(Work to be completed) Each record listed below is to be output exactly as written.

(Listed entries)
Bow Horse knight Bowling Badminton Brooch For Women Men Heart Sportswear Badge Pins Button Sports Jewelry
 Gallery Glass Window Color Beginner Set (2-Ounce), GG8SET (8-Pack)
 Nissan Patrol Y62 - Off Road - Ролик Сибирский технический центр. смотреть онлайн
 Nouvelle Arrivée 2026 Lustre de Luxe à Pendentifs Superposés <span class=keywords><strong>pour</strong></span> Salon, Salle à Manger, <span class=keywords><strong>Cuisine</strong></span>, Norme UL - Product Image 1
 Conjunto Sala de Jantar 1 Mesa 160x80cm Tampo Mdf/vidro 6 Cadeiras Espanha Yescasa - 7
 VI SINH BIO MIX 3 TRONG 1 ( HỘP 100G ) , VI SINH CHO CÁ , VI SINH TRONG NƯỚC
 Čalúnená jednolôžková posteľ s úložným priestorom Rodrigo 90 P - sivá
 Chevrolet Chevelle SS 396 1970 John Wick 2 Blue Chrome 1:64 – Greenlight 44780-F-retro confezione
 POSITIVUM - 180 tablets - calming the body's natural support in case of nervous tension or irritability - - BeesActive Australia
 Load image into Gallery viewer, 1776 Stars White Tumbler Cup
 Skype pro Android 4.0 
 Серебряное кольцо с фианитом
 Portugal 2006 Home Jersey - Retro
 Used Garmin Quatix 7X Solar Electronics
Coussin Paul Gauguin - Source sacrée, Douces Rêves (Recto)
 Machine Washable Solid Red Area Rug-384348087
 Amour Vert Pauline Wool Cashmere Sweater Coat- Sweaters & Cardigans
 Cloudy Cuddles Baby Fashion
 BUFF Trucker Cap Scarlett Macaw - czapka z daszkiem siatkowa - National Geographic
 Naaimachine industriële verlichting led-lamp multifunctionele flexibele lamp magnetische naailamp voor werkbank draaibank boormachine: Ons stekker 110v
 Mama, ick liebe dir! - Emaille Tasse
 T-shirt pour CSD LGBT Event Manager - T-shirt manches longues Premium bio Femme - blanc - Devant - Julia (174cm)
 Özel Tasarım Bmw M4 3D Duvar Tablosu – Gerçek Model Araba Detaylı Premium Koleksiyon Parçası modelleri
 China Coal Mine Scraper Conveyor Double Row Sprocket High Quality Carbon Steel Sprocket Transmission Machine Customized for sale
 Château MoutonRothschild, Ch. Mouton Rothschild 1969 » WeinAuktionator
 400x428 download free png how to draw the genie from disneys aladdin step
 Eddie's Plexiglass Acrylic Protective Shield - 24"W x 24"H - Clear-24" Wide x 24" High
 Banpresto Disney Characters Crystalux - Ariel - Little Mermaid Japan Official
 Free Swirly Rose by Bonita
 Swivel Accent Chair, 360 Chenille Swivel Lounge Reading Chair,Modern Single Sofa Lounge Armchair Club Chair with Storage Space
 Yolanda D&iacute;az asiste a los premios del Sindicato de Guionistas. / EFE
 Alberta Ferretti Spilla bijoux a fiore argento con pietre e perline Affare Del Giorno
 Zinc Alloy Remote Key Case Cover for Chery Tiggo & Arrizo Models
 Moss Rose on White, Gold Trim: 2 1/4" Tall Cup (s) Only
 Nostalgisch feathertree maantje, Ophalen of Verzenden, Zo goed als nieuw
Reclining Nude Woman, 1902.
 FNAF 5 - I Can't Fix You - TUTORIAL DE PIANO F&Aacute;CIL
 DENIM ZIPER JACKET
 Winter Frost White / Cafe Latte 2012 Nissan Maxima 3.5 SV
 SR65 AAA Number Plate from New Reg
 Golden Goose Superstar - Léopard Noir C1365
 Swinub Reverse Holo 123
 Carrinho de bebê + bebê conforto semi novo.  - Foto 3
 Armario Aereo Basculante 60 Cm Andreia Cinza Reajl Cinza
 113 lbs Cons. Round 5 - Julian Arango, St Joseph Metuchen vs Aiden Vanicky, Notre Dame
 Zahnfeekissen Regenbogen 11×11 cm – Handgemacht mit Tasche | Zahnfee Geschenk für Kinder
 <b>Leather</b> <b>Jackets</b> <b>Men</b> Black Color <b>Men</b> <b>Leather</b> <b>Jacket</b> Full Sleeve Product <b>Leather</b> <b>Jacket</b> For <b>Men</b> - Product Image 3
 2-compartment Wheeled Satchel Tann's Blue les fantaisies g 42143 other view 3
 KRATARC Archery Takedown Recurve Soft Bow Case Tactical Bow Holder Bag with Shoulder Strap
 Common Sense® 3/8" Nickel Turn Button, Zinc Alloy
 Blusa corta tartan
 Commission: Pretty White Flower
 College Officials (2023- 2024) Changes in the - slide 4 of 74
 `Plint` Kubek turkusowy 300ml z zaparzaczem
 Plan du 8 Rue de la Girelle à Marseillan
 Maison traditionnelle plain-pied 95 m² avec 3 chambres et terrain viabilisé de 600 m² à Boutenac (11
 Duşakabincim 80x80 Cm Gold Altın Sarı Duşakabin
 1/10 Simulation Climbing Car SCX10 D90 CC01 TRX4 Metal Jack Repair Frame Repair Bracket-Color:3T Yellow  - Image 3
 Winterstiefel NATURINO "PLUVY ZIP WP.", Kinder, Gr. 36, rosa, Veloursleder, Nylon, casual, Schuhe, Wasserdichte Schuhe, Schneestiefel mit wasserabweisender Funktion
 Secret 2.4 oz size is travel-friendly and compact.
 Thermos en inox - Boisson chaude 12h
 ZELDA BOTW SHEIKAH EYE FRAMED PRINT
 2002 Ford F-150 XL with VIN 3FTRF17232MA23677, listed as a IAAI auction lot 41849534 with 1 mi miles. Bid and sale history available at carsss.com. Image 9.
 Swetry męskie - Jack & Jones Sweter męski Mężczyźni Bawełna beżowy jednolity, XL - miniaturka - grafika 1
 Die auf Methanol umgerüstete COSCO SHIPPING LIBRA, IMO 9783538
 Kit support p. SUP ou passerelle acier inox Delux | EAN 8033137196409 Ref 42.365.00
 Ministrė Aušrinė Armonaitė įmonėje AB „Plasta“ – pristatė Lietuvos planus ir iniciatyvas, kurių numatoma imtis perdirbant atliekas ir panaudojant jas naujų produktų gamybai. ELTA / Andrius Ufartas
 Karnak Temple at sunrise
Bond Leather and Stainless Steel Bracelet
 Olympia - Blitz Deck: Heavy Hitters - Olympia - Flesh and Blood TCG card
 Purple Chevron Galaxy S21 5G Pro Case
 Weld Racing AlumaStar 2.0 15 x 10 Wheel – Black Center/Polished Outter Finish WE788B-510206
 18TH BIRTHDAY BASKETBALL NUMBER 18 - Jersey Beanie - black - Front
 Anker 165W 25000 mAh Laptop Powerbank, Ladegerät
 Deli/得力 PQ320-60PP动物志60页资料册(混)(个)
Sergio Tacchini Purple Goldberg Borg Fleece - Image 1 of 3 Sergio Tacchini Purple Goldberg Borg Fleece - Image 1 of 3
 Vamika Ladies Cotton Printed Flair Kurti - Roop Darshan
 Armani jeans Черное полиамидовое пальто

(Response area)
Bow Horse knight Bowling Badminton Brooch For Women Men Heart Sportswear Badge Pins Button Sports Jewelry
 Gallery Glass Window Color Beginner Set (2-Ounce), GG8SET (8-Pack)
 Nissan Patrol Y62 - Off Road - Ролик Сибирский технический центр. смотреть онлайн
 Nouvelle Arrivée 2026 Lustre de Luxe à Pendentifs Superposés <span class=keywords><strong>pour</strong></span> Salon, Salle à Manger, <span class=keywords><strong>Cuisine</strong></span>, Norme UL - Product Image 1
 Conjunto Sala de Jantar 1 Mesa 160x80cm Tampo Mdf/vidro 6 Cadeiras Espanha Yescasa - 7
 VI SINH BIO MIX 3 TRONG 1 ( HỘP 100G ) , VI SINH CHO CÁ , VI SINH TRONG NƯỚC
 Čalúnená jednolôžková posteľ s úložným priestorom Rodrigo 90 P - sivá
 Chevrolet Chevelle SS 396 1970 John Wick 2 Blue Chrome 1:64 – Greenlight 44780-F-retro confezione
 POSITIVUM - 180 tablets - calming the body's natural support in case of nervous tension or irritability - - BeesActive Australia
 Load image into Gallery viewer, 1776 Stars White Tumbler Cup
 Skype pro Android 4.0 
 Серебряное кольцо с фианитом
 Portugal 2006 Home Jersey - Retro
 Used Garmin Quatix 7X Solar Electronics
Coussin Paul Gauguin - Source sacrée, Douces Rêves (Recto)
 Machine Washable Solid Red Area Rug-384348087
 Amour Vert Pauline Wool Cashmere Sweater Coat- Sweaters & Cardigans
 Cloudy Cuddles Baby Fashion
 BUFF Trucker Cap Scarlett Macaw - czapka z daszkiem siatkowa - National Geographic
 Naaimachine industriële verlichting led-lamp multifunctionele flexibele lamp magnetische naailamp voor werkbank draaibank boormachine: Ons stekker 110v
 Mama, ick liebe dir! - Emaille Tasse
 T-shirt pour CSD LGBT Event Manager - T-shirt manches longues Premium bio Femme - blanc - Devant - Julia (174cm)
 Özel Tasarım Bmw M4 3D Duvar Tablosu – Gerçek Model Araba Detaylı Premium Koleksiyon Parçası modelleri
 China Coal Mine Scraper Conveyor Double Row Sprocket High Quality Carbon Steel Sprocket Transmission Machine Customized for sale
 Château MoutonRothschild, Ch. Mouton Rothschild 1969 » WeinAuktionator
 400x428 download free png how to draw the genie from disneys aladdin step
 Eddie's Plexiglass Acrylic Protective Shield - 24"W x 24"H - Clear-24" Wide x 24" High
 Banpresto Disney Characters Crystalux - Ariel - Little Mermaid Japan Official
 Free Swirly Rose by Bonita
 Swivel Accent Chair, 360 Chenille Swivel Lounge Reading Chair,Modern Single Sofa Lounge Armchair Club Chair with Storage Space
 Yolanda D&iacute;az asiste a los premios del Sindicato de Guionistas. / EFE
 Alberta Ferretti Spilla bijoux a fiore argento con pietre e perline Affare Del Giorno
 Zinc Alloy Remote Key Case Cover for Chery Tiggo & Arrizo Models
 Moss Rose on White, Gold Trim: 2 1/4" Tall Cup (s) Only
 Nostalgisch feathertree maantje, Ophalen of Verzenden, Zo goed als nieuw
Reclining Nude Woman, 1902.
 FNAF 5 - I Can't Fix You - TUTORIAL DE PIANO F&Aacute;CIL
 DENIM ZIPER JACKET
 Winter Frost White / Cafe Latte 2012 Nissan Maxima 3.5 SV
 SR65 AAA Number Plate from New Reg
 Golden Goose Superstar - Léopard Noir C1365
 Swinub Reverse Holo 123
 Carrinho de bebê + bebê conforto semi novo.  - Foto 3
 Armario Aereo Basculante 60 Cm Andreia Cinza Reajl Cinza
 113 lbs Cons. Round 5 - Julian Arango, St Joseph Metuchen vs Aiden Vanicky, Notre Dame
 Zahnfeekissen Regenbogen 11×11 cm – Handgemacht mit Tasche | Zahnfee Geschenk für Kinder
 <b>Leather</b> <b>Jackets</b> <b>Men</b> Black Color <b>Men</b> <b>Leather</b> <b>Jacket</b> Full Sleeve Product <b>Leather</b> <b>Jacket</b> For <b>Men</b> - Product Image 3
 2-compartment Wheeled Satchel Tann's Blue les fantaisies g 42143 other view 3
 KRATARC Archery Takedown Recurve Soft Bow Case Tactical Bow Holder Bag with Shoulder Strap
 Common Sense® 3/8" Nickel Turn Button, Zinc Alloy
 Blusa corta tartan
 Commission: Pretty White Flower
 College Officials (2023- 2024) Changes in the - slide 4 of 74
 `Plint` Kubek turkusowy 300ml z zaparzaczem
 Plan du 8 Rue de la Girelle à Marseillan
 Maison traditionnelle plain-pied 95 m² avec 3 chambres et terrain viabilisé de 600 m² à Boutenac (11
 Duşakabincim 80x80 Cm Gold Altın Sarı Duşakabin
 1/10 Simulation Climbing Car SCX10 D90 CC01 TRX4 Metal Jack Repair Frame Repair Bracket-Color:3T Yellow  - Image 3
 Winterstiefel NATURINO "PLUVY ZIP WP.", Kinder, Gr. 36, rosa, Veloursleder, Nylon, casual, Schuhe, Wasserdichte Schuhe, Schneestiefel mit wasserabweisender Funktion
 Secret 2.4 oz size is travel-friendly and compact.
 Thermos en inox - Boisson chaude 12h
 ZELDA BOTW SHEIKAH EYE FRAMED PRINT
 2002 Ford F-150 XL with VIN 3FTRF17232MA23677, listed as a IAAI auction lot 41849534 with 1 mi miles. Bid and sale history available at carsss.com. Image 9.
 Swetry męskie - Jack & Jones Sweter męski Mężczyźni Bawełna beżowy jednolity, XL - miniaturka - grafika 1
 Die auf Methanol umgerüstete COSCO SHIPPING LIBRA, IMO 9783538
 Kit support p. SUP ou passerelle acier inox Delux | EAN 8033137196409 Ref 42.365.00
 Ministrė Aušrinė Armonaitė įmonėje AB „Plasta“ – pristatė Lietuvos planus ir iniciatyvas, kurių numatoma imtis perdirbant atliekas ir panaudojant jas naujų produktų gamybai. ELTA / Andrius Ufartas
 Karnak Temple at sunrise
Bond Leather and Stainless Steel Bracelet
 Olympia - Blitz Deck: Heavy Hitters - Olympia - Flesh and Blood TCG card
 Purple Chevron Galaxy S21 5G Pro Case
 Weld Racing AlumaStar 2.0 15 x 10 Wheel – Black Center/Polished Outter Finish WE788B-510206
 18TH BIRTHDAY BASKETBALL NUMBER 18 - Jersey Beanie - black - Front
 Anker 165W 25000 mAh Laptop Powerbank, Ladegerät
 Deli/得力 PQ320-60PP动物志60页资料册(混)(个)
Sergio Tacchini Purple Goldberg Borg Fleece - Image 1 of 3 Sergio Tacchini Purple Goldberg Borg Fleece - Image 1 of 3
 Vamika Ladies Cotton Printed Flair Kurti - Roop Darshan
 Armani jeans Черное полиамидовое пальто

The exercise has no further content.